Hack, Slash & Backstab is absolutely relentless from the off, enemies constantly re-spawn, attack in hordes and quickly trap you if you don’t keep moving. You can grab power-ups that will improve your standard weapon as well as collecting magic potions and all-important health, but all they will do is stem the flow slightly because this game is incredibly tough. If you don’t have any friends to play with, then it’s even tougher!
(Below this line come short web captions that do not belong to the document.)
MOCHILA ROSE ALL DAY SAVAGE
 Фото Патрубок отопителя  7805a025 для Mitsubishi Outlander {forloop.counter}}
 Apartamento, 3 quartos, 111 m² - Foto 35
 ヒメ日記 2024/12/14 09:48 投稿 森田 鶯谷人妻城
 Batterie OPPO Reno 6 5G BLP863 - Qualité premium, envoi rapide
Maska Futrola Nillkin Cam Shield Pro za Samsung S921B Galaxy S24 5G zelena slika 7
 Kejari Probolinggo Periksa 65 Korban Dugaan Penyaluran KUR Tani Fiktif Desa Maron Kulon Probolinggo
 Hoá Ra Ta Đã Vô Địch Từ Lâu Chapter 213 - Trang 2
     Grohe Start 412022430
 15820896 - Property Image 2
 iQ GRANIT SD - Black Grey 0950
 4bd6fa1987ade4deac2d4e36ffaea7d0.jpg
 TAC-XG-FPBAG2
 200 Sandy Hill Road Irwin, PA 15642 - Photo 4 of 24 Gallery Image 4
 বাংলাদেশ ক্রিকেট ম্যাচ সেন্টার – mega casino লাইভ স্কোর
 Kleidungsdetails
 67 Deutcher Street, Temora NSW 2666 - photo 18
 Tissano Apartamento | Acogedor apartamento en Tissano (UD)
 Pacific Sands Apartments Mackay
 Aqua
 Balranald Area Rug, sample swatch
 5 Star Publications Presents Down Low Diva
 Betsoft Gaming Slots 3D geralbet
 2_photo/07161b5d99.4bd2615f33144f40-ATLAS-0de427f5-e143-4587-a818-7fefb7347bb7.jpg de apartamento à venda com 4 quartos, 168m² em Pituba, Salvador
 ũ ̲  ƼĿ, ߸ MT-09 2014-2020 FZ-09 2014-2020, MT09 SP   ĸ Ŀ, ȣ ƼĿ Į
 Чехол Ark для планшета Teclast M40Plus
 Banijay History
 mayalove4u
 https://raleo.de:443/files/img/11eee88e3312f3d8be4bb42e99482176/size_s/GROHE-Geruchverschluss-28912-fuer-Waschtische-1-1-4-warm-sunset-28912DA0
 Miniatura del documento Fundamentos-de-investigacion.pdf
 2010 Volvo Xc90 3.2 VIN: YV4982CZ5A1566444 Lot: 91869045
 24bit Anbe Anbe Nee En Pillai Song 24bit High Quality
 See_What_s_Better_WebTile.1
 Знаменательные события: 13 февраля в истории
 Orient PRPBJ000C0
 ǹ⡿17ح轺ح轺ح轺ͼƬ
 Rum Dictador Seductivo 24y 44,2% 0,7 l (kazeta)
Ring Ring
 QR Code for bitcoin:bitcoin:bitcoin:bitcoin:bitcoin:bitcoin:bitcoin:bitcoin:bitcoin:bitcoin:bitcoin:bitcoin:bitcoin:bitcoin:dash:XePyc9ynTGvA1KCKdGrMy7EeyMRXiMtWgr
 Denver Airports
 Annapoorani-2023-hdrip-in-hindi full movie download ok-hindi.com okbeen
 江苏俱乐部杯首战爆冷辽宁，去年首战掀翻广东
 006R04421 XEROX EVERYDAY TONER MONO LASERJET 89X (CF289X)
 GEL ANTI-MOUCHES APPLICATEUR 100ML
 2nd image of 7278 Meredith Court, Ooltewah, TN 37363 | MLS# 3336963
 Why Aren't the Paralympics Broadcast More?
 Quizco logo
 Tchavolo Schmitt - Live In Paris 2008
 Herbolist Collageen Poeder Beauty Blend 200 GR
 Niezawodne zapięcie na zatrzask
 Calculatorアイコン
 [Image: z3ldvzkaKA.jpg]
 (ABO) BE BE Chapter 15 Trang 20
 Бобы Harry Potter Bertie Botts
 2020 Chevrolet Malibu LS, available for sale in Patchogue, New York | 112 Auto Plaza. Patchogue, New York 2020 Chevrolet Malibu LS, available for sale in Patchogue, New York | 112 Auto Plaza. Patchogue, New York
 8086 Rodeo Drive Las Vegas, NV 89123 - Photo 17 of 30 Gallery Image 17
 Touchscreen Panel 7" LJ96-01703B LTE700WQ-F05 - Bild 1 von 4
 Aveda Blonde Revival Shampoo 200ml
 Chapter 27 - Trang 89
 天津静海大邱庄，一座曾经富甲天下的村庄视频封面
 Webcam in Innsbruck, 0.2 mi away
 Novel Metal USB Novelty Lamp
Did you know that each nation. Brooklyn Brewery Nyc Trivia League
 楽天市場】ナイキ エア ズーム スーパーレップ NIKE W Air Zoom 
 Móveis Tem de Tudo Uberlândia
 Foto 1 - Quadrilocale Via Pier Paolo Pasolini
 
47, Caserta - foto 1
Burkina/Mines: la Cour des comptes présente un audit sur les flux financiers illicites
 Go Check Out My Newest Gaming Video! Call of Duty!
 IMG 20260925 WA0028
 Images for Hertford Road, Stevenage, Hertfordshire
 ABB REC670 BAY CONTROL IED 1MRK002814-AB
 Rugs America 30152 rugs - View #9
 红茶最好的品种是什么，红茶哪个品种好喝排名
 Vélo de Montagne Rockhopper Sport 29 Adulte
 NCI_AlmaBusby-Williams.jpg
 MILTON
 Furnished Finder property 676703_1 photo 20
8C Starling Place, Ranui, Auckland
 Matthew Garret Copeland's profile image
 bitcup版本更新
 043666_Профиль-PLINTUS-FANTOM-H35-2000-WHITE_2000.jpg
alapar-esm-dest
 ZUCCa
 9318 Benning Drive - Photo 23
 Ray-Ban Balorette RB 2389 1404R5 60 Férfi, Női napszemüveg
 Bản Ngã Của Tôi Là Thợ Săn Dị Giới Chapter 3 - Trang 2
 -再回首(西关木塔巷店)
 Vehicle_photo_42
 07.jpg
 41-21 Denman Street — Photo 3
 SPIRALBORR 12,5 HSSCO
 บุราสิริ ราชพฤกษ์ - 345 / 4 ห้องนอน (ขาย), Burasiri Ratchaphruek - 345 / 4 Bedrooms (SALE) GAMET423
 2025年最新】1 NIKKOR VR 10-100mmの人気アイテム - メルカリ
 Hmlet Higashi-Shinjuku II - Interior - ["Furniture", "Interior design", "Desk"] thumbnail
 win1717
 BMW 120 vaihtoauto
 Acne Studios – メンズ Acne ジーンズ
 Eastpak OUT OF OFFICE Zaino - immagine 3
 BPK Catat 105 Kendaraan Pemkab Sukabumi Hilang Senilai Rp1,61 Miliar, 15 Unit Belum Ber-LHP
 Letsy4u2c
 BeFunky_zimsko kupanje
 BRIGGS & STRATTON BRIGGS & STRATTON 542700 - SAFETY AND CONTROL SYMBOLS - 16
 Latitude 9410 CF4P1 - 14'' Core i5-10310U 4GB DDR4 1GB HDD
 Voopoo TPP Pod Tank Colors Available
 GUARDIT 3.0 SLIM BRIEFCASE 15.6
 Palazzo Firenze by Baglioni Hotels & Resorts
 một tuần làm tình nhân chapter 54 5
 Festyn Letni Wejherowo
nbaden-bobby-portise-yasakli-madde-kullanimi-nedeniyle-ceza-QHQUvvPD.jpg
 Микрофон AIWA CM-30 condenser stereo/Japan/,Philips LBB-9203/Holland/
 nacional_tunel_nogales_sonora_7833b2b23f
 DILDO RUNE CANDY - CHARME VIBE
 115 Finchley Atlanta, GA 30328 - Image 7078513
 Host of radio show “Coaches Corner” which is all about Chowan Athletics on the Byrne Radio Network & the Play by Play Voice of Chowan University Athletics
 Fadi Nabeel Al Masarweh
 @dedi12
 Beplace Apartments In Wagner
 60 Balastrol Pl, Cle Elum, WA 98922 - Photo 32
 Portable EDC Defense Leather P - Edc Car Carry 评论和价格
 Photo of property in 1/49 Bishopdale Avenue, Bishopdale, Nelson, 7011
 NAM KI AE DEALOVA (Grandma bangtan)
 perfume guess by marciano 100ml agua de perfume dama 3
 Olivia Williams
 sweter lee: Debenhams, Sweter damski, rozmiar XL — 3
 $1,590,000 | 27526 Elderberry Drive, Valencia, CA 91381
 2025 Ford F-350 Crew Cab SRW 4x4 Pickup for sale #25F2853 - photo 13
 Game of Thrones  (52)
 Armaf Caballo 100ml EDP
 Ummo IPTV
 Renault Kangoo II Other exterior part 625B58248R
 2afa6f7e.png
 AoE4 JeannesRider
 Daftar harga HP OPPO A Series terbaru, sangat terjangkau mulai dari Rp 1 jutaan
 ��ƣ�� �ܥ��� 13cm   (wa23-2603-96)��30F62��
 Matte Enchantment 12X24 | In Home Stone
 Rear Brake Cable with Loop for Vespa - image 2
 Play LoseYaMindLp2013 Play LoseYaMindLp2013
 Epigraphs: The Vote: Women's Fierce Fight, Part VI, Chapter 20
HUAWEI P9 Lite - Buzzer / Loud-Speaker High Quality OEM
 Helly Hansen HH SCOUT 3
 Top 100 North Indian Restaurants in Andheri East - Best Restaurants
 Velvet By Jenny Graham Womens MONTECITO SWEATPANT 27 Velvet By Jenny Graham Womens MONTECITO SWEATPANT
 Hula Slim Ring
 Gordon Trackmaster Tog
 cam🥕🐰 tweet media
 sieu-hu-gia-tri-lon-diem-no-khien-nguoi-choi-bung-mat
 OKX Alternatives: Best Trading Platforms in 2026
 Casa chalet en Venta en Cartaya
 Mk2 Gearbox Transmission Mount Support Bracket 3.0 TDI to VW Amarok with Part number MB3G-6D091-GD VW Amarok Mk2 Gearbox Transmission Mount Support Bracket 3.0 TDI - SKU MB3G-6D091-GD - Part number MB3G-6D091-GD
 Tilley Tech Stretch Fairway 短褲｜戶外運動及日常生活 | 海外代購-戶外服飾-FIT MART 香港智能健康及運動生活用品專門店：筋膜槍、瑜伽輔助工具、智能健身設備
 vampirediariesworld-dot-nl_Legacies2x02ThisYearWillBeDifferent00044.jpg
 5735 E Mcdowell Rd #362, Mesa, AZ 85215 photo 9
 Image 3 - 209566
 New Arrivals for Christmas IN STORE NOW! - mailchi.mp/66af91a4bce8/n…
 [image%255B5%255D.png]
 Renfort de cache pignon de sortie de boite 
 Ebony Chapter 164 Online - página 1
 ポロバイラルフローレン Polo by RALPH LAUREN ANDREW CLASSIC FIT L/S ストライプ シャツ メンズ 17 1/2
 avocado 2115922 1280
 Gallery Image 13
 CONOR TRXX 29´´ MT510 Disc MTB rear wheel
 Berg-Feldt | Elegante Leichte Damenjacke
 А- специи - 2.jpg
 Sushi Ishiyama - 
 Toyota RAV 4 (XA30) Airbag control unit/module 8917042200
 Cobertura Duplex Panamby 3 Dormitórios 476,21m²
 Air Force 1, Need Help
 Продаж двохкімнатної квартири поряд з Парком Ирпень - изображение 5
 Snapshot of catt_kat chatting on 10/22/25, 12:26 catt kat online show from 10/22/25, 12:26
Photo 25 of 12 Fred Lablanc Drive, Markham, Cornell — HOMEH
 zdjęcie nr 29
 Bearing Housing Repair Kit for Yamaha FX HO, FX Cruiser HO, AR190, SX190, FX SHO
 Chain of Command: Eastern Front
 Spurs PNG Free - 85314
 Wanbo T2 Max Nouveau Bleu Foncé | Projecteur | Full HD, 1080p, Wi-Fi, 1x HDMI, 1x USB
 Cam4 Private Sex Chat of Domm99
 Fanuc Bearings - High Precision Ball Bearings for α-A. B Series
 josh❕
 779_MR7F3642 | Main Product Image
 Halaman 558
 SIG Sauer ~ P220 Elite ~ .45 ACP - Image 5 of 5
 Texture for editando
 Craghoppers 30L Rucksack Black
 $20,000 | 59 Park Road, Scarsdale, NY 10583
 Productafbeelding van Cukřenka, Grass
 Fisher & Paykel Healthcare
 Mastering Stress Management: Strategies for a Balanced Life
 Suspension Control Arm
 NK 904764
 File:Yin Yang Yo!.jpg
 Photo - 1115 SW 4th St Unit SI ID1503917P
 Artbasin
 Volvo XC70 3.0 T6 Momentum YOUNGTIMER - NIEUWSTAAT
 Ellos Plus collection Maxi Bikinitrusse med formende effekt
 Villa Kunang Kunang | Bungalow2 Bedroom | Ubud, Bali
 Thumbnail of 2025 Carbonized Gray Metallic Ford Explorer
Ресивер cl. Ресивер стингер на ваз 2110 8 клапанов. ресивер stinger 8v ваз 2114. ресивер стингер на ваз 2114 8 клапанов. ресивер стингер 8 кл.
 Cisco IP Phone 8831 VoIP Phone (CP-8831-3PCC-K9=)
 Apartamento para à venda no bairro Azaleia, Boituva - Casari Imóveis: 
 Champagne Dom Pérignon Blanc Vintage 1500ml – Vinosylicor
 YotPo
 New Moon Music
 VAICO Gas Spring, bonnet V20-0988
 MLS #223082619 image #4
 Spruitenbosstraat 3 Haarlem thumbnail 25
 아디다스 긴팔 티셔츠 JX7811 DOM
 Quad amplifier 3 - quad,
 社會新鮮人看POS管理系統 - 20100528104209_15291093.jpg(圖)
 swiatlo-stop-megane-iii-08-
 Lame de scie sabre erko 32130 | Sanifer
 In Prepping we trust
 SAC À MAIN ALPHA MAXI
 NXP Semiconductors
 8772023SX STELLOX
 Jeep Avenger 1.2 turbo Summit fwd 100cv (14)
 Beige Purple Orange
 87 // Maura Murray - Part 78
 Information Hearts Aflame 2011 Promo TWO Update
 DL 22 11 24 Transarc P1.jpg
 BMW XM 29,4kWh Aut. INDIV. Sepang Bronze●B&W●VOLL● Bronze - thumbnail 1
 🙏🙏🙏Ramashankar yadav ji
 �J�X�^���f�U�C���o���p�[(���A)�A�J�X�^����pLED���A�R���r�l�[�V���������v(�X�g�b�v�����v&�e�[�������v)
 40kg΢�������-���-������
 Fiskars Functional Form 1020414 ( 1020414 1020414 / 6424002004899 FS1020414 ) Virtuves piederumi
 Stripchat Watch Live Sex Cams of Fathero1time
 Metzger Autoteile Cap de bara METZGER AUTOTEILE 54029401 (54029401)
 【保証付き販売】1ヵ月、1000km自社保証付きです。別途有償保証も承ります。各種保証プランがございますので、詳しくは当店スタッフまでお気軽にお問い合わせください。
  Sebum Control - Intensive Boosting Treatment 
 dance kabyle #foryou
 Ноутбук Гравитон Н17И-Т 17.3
Surviving on your own for more than a few levels is nigh on impossible; you will just find yourself using the dash button constantly to run away from the enemies in search of the exit rather than battle them, and in all honesty this kind of defeats the purpose of the game.
There is no doubt that Hack, Slash & Backstab contains all the ingredients to make a very fine solo experience, but it’s just far too tough to do anything other than frustrate you. Even in the intended multiplayer mode it’s still too hard for its own good. By far the biggest problem with Hack, Slash & Backstab is the re-spawning enemies, something that is never welcome in video games. In Gauntlet you have monster generators; you destroy those and no more monsters come. That pretty much became the standard for all dungeon crawlers from then on. In Hack, Slash & Backstab enemies appear from nowhere, fill up the entire room and kill you within seconds. Not just annoying grunts either; huge boss size creatures attack in number that are almost impossible to defend against!
“There is no doubt that Hack, Slash & Backstab contains all the ingredients to make a very fine solo experience, but it’s just far too tough to do anything other than frustrate you”
I so wanted to like Hack, Slash & Backstab. I played it over and over again, trying to convince myself it was a good game and that I would get better with time or once I leveled up my character. Unfortunately, neither of these things ever happened and I am just left feeling disappointed that Magic Spell Studios chose to make this game as hardcore as possible. The controls don’t help matters much either, as you constantly need to face the direction you are shooting – kind of inexcusable in the twin stick era.
It’s a great shame because Hack, Slash & Backstab has some lovely visuals with its dark, brooding dungeons and lovely lighting effects. It also has lots of great ideas, especially when you are playing with three other friends. Unfortunately, the hardcore difficulty is just too unforgivable, and I can only really recommend this game to those who either have lots of friends or enjoy being punished.